This was not an off-the-cuff remark. Right at the start of the tour he had batted the ball into our court, saying that it was up to us to be fit for England. He would no longer pick on reputation. Unfortunately, his outburst coincided with me aggravating a knee injury, having to pull out of the Test match against the Wallabies in Brisbane on 6 June, and having to pass the armband over to Tony Diprose.

I’d picked up the injury in a freak diving accident during a pre-tour break with Austin Healey in Lanzarote. Austin had this ability to bounce unbelievably high on the springboard and then, like a trampoliner, kill the bounce on landing by bending his knees. I gave it a go, but as I landed my knee turned out and I tweaked it. I cursed him, but there was nothing new in that. I fully expected it to be fine, but 48 hours before kick-off I had to concede that it wasn’t strong enough to get through an international game.

The upshot was that I spent the match in the BBC Five Live commentary booth at the Suncorp Stadium, trying to find words to describe a 76–0 defeat. I had to analyse 11 Australian tries, which by the end was proving painful. I’m sure the listeners at home could sense my tone. John Mitchell, our forwards coach, had said beforehand that the team was ‘shit scared … it’s the fear of being wiped out which motivates us’. And wiped out we were by the future World Cup winners, even if we didn’t concede a try for more than half an hour. I could hear the Aussie commentators absolutely digging it in and there was nothing I could do about it. It became so embarrassing that the Aussie crowd started leaving long before the match was over. But we couldn’t go home. There was nowhere to hide. It was an horrendous day and a harsh, if valuable, lesson to learn.

I didn’t say it then, but sometimes you need experiences like that. Those who were in the side and got severely shown up – and there were a few of those – realized they weren’t up to it and needed to go away and do some work. It made everyone open their eyes, because there was a feeling among some that they were young and as good as their potential hinted they could one day become. I went into the dressing room afterwards and it was a shocking scene.

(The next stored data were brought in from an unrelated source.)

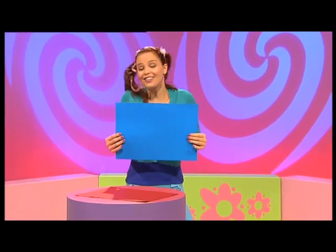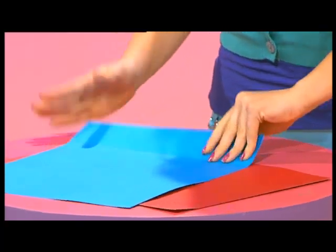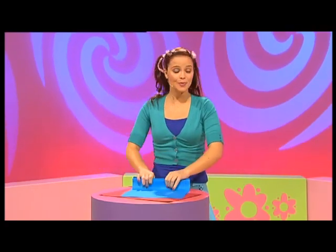One blue piece of paper and all I have to do is fold. Fold it this way, press it down, turn it over and fold it that way. Folding this way, folding that way.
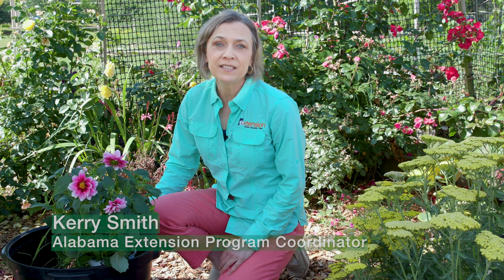Welcome to Alabama Smart Yards, where we're creating beautiful landscapes that protect natural environments. Why? Because it's the smart thing to do. Today, Danny Carroll will talk about container gardens. Whether it's vegetables or flowers, you need to know your mix.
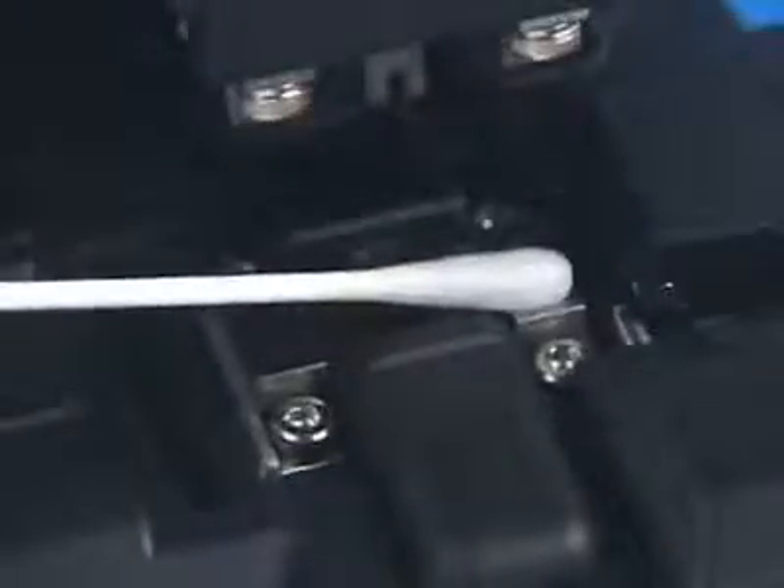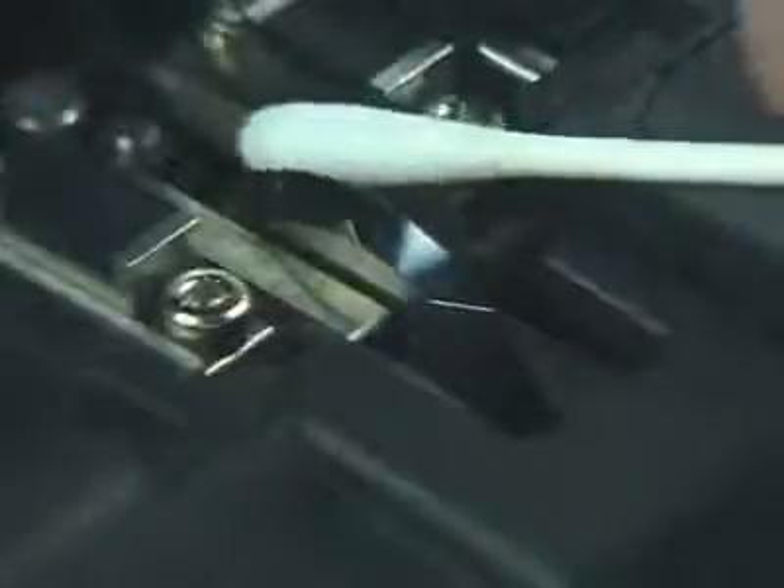Using a cotton swab moistened with 95% purity or greater isopropyl alcohol, wipe the rubber clamp pads, followed by the anvil pad, and finally the cleaver blade.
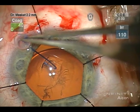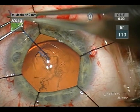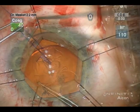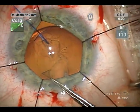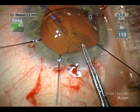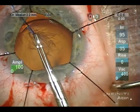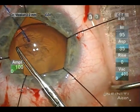So in this situation, a Yaguchi-Kazawa capsule support hook is passed beneath the anterior capsule in an attempt to bring the lens into a more orthotopic position and to provide some traction for the capsulotomy, which is then completed.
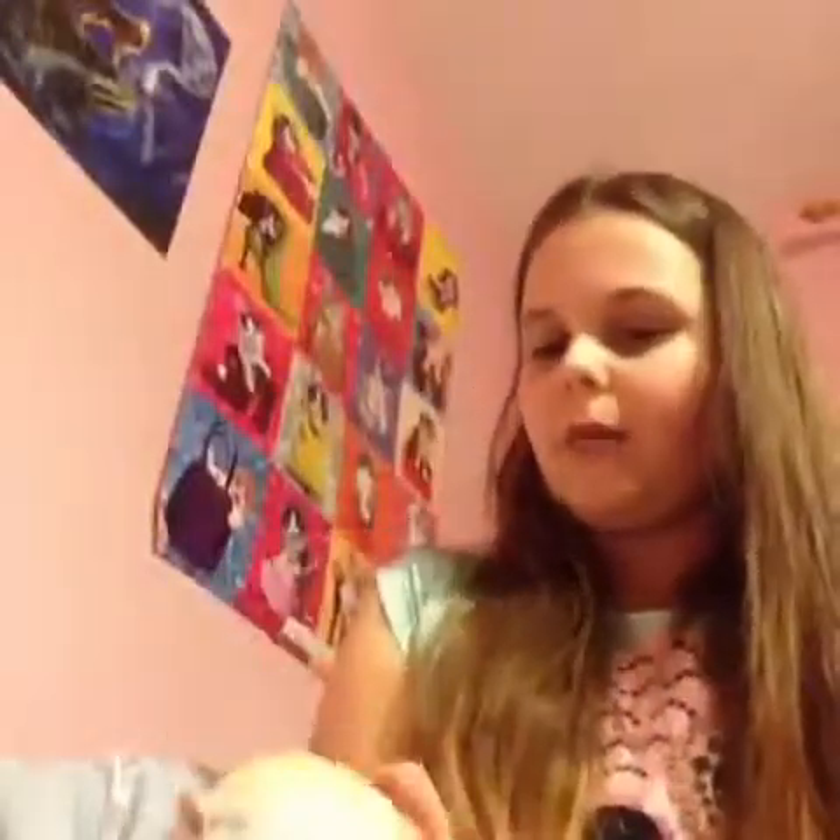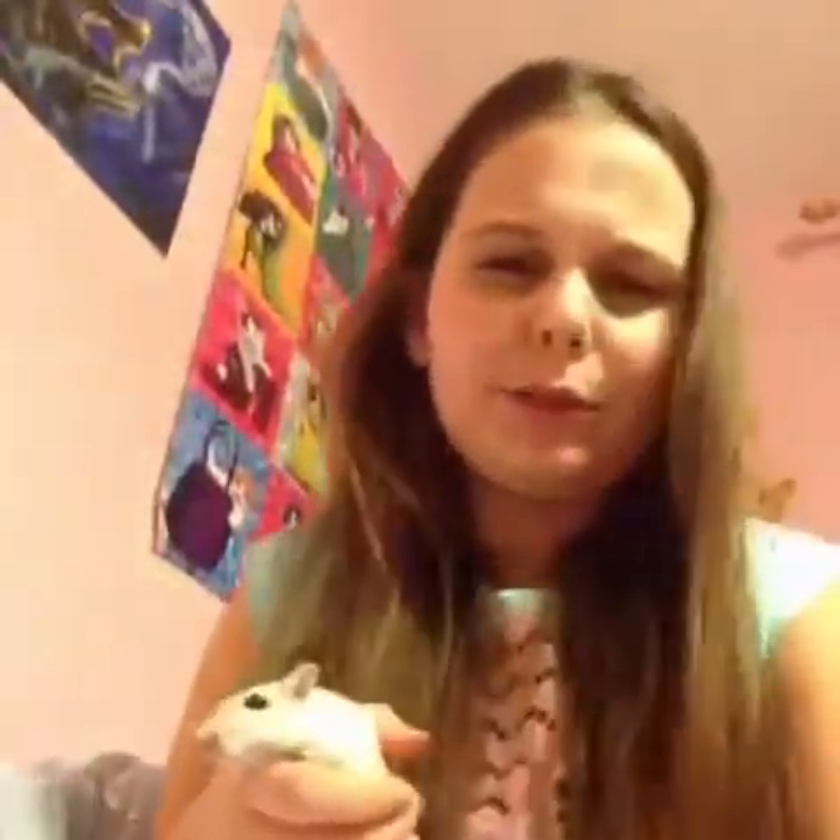Cupcake has never bitten me. I got him from Pets at Home, but I would not recommend getting a gerbil from Pets at Home.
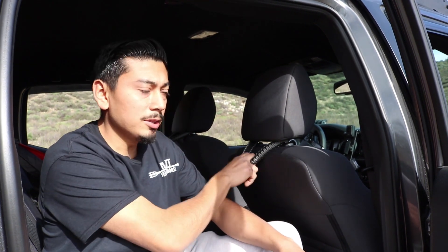What's up, you guys? Welcome back and welcome if you're new. In today's video, we're going to be installing these paracord grab handles on my 2018 Tacoma.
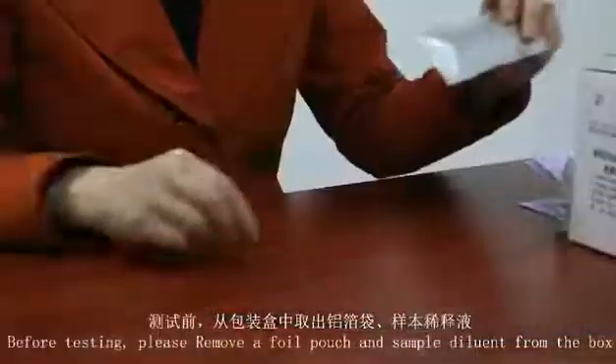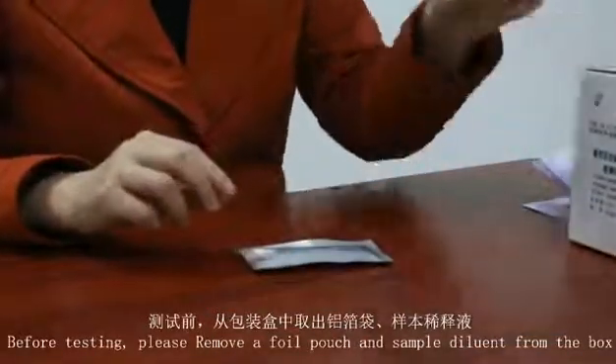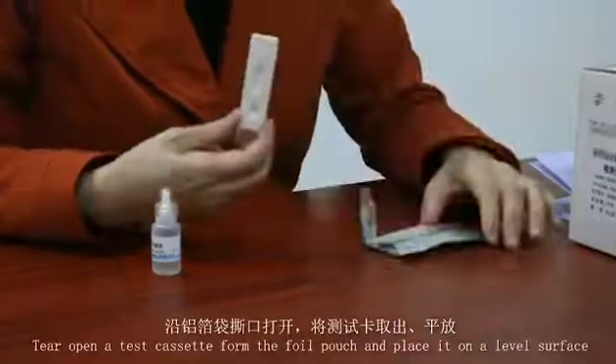Before testing, please remove a foil pouch and sample this one from the box. Tear open a test cassette from the foil pouch and place it on a level surface.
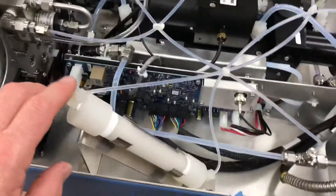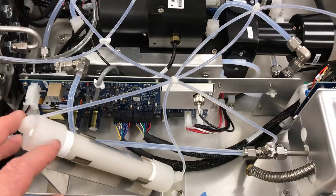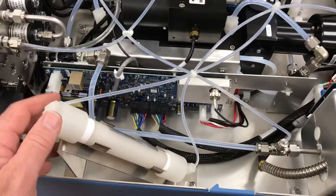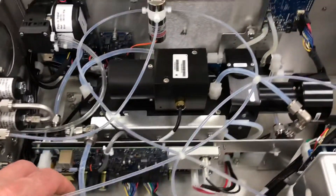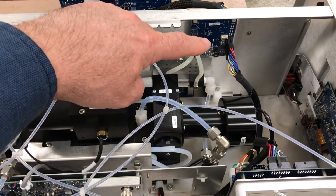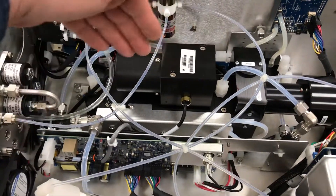Looking over to this side, we've got the SO2 scrubber, similar to the previous I-Series scrubber, but it used to be mounted up at the front of the instrument. They've put it on its own bracket on the left side of the instrument for easy accessibility. The interface board is gone as it was in the I-Series instrument — they've done away with it and redesigned this board here for control of the reaction cell assembly.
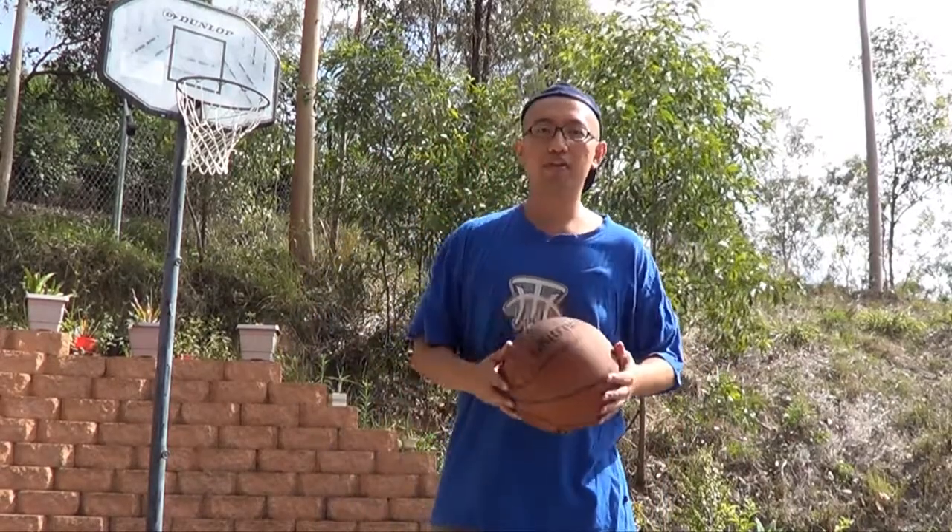Hey guys, welcome to lesson 4 of the basketball shooting tutorials. This time we want to repeat what we did in lesson 3, but from the frontal angle and from the left hand side angle. So we'll see what happens.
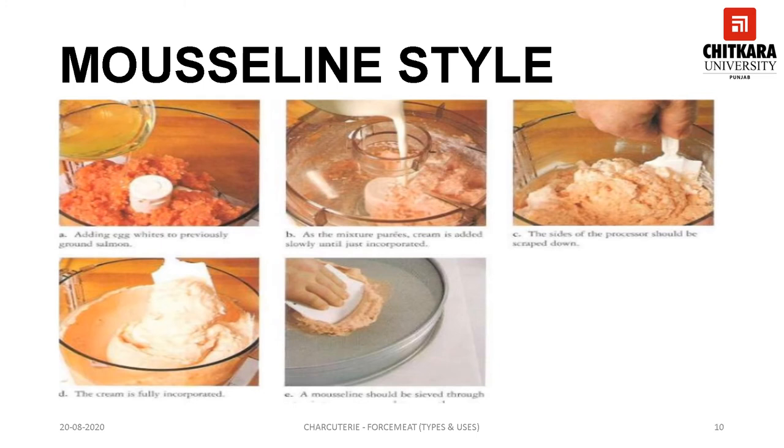This slide explains the process of making a mousseline style forcemeat. First, the meat — especially white meat — is ground with seasoning to the required texture, then egg white is added to the mix and it is continued to puree. As the mixture is getting pureed, cream is gradually added until fully incorporated. The mixture is then passed through a tamis or sieve to ensure smoothness, and now the mousseline style forcemeat is ready to be used.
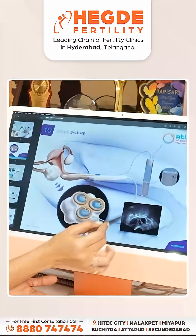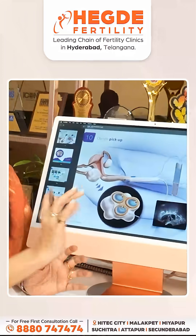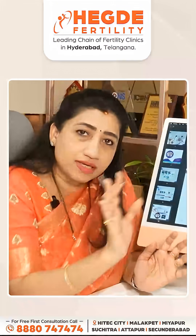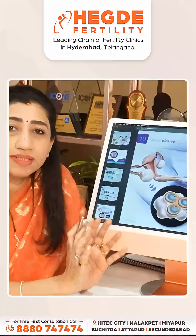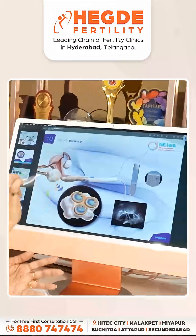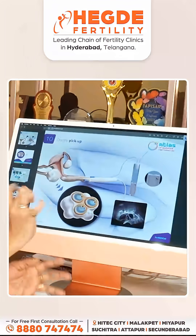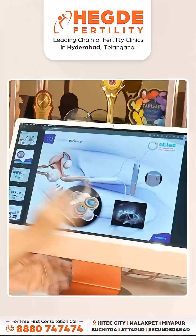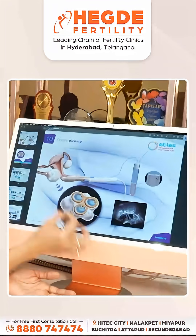In the scan, the ovaries can be visualized and the stimulated follicles can be identified. In the pick-up procedure, the follicles are aspirated. The goal is to enter every follicle — right ovary and left ovary. Under scan guidance, we choose the needle and enter every follicle.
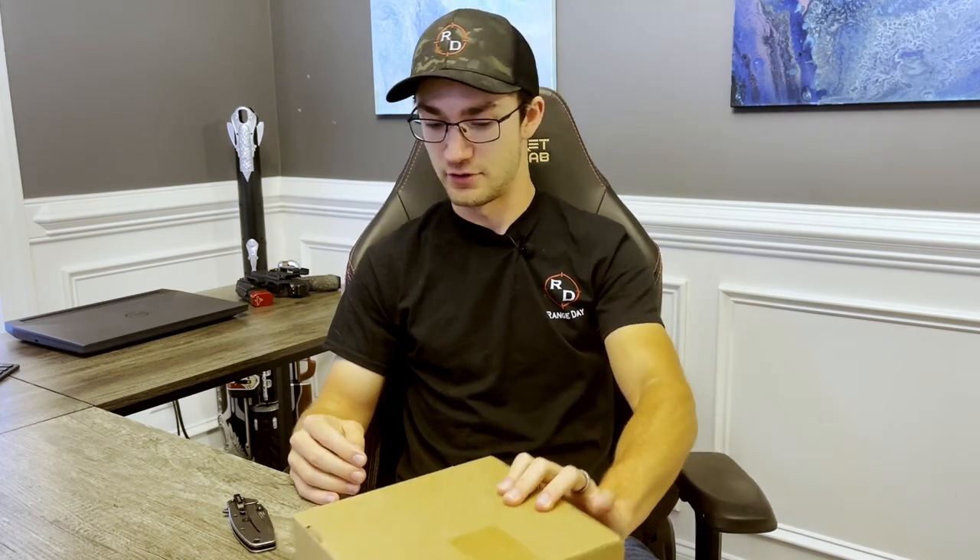Hey everybody, it's Trevor here with the channel where every day is range day. In this week's video, we're looking at some cool new gear from Core Essentials. We're gonna be doing an unboxing and first impressions on the new micro adjustable battle belts.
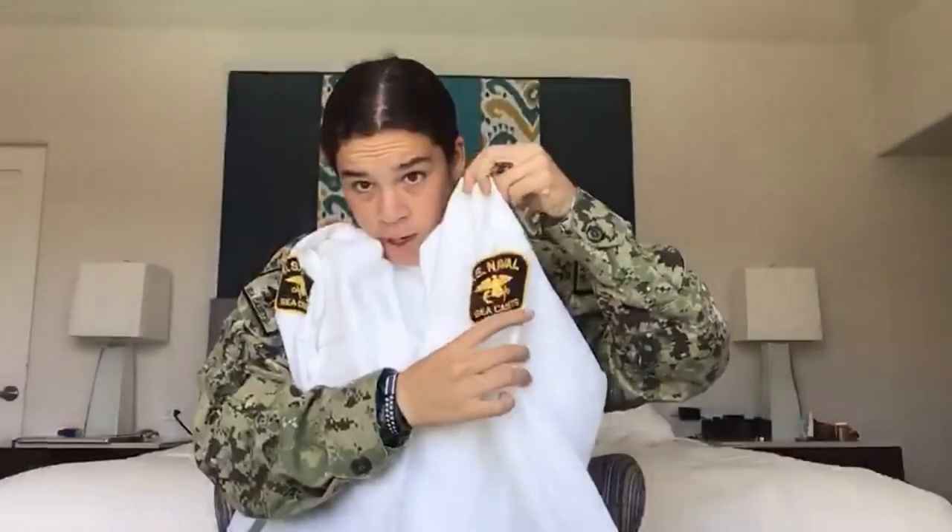Just a quick recap: petty officers go one eighth of an inch down from this patch on the right shoulder, and E3 and E2 will have it three and one quarter inches down on the right shoulder. Shoulder flashes go exactly one inch down from this top seam right here. You're going to have it one inch down on this side and one inch down on the other side, and make sure that the arrows are pointing inwards towards your heart. You can also see it on my type threes — the arrows are pointing inwards. Incorrect patch placement would be if the arrows are pointing outwards.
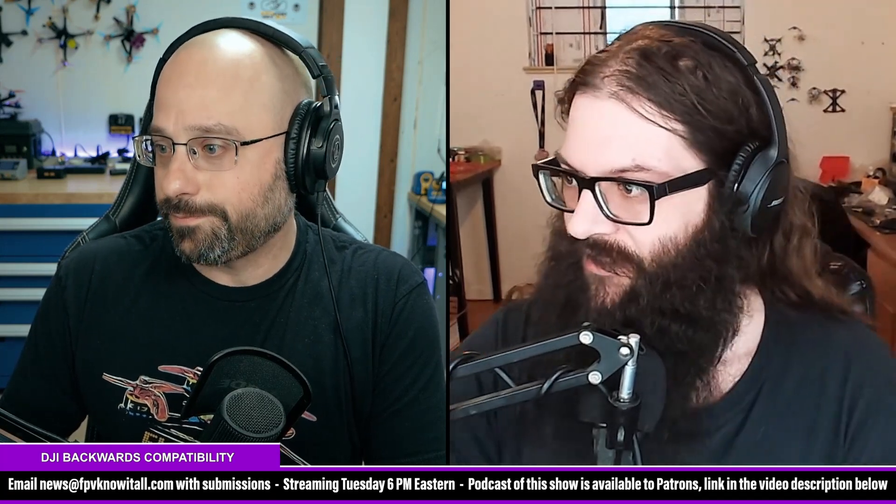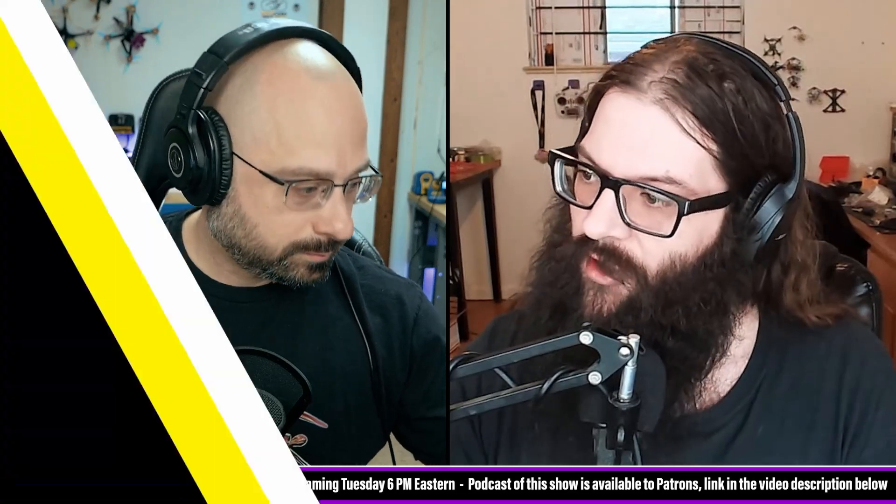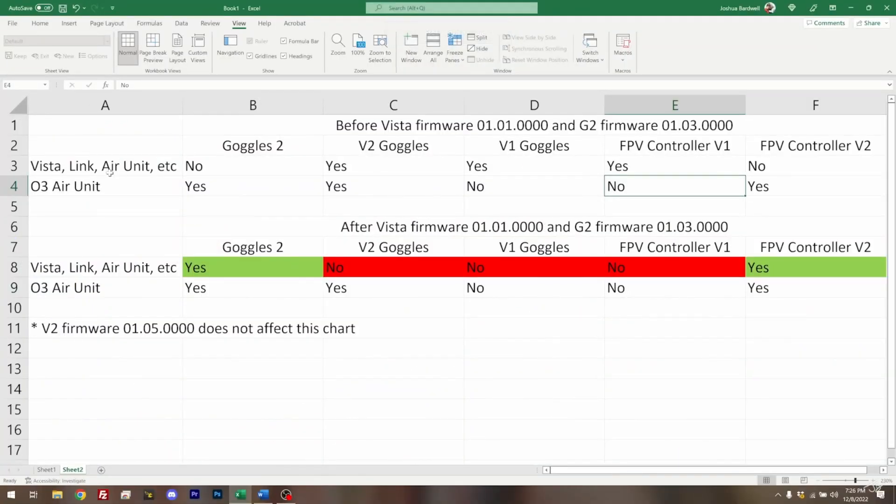But there are some caveats to that, unfortunately. One of those big caveats is that once you do that update to your Vistas and air units, you're not going to be able to use those with the V1 or V2 goggles or that old black controller. That may be a concern for some people, but you can roll back — you can go back and forth if you need to.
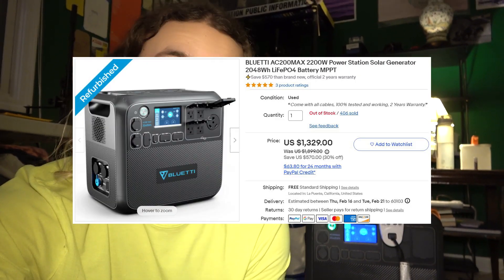Hopefully this answers some questions about the capacity of a refurbished unit. Everything I've tried on it works so far and the battery doesn't seem severely degraded in any way — maybe a few percent. So long term we'll see how it goes, but for now I would recommend going the refurbished route if you want to save a couple hundred bucks. A new one was about $1,700–$1,800 and I got it used through the company with full warranty for $1,300, which basically paid for my solar panels.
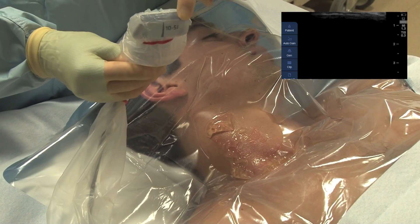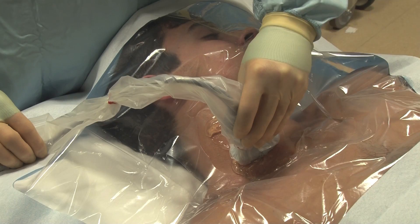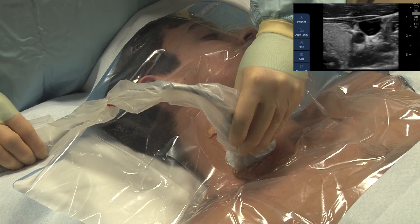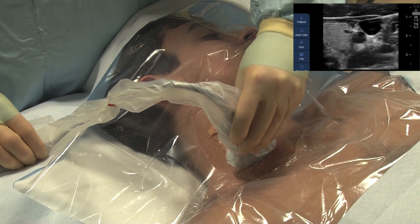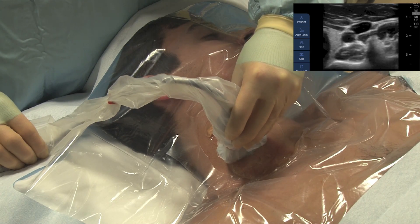Orient the ultrasound probe by touching the probe while watching the monitor. Identify both the artery and the vein in the same ultrasound image. Note that in this video, the ultrasound appears reversed because of the angle of the camera.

As tour captain it was just a matter of trying to raise heads, pick up the pieces and point out that we were in for a torrid month and that it was going to be a severe test of character. ‘Some of you are going to come through and some of you are not,’ I told the boys. ‘Where do you want to be?’ I couldn’t come on any stronger than that because it was the first match of the tour and I knew it wasn’t going to get any easier. What hurt most of all was that all the press, the outrageous predictions and comparisons with Gallipoli, had come true. We needed to stick together, the whole squad, cop the flak and try to move on.

There was a difference in opinion as to the best way to do that. Clive, who admitted he got it wrong in selection and that he should have injected more experience into the team, packed us off to Surfer’s Paradise the following day, saying, ‘It’s not a question of being soft, it’s a question of doing the right thing. The players need a break.’ Mitch had a different take on it. He said that had he had his way the squad would have spent the day running round the paddock hitting tackle bags and being reminded of who they were representing. Sports medicine, he called it. He added that had he played in that match he would have been indoors hiding, not sunbathing on a beach. Most forwards and backs coaches don’t see eye to eye, to be honest, but it was a bit naughty of Mitch to talk out of school – if that’s not the pot calling the kettle black! While I agree with him that humiliation is not easy to accept, the fact is that some players had given their all. It wasn’t good enough, but they had still given everything.

From that point on we pretty much shut ourselves away from the papers, as every Tom, Dick, Sheila and Bruce had something to say about us. England are everyone’s favourite enemy so there was no shortage of people to rub our noses in it. There were people all over the world absolutely loving it. But you’ve got to be bigger than that. It was humiliating, yet we took it on the chin, learned the lessons and came back better for the chastening experience. In fact, it turned out to be a huge turning point in England’s development; never again will there be such a weak England side. We have now developed from having one competitive fifteen to the point where England’s third XV would probably be better than the team that played against Australia that day.

A week later we were in New Zealand, the Land of the Long White Cloud and, potentially, even longer nightmare, especially when first up, in rain-lashed Hamilton, was a New Zealand A team coached by Graham Henry and featuring one J. Lomu. But we really got stuck into them and restricted them to an 18–10 win. I wouldn’t say it was a moral victory for us, but it was definitely an improvement. And that’s the path we needed to follow. The pressure on us all was immense as the public and media were waiting for us to fall flat on our faces in the mud. To defend as we did deserved credit, and the forwards turned in an heroic performance in horrendous conditions. The Gloucester boys, who made up five of the pack, felt right at home. I was proud of the grit and determination shown by the team. ‘We can progress with this type of display,’ I told them afterwards.

To then ship 50 points against the New Zealand Academy team three days later in Invercargill was devastating. It had quickly become clear which players were going to be involved in the Test team and which were not. In fact, the wheat was being separated from the chaff at an alarming rate. Some of the boys found it very hard, not just in terms of the physical pounding on the pitch but the relentlessness of playing and living rugby in a country where the game is king. With hindsight, the Academy fielded a pretty fair team: Daryl Gibson at full-back, Bruce Reihana and Doug Howlett on the wings, Pieta Alatini at centre, Byron Kelleher at scrum-half, and up front more future All Blacks in Greg Feek, Kees Meeuws and Reuben Thorne. By contrast, England’s team contained few players who would go on to have international futures. There’s the story.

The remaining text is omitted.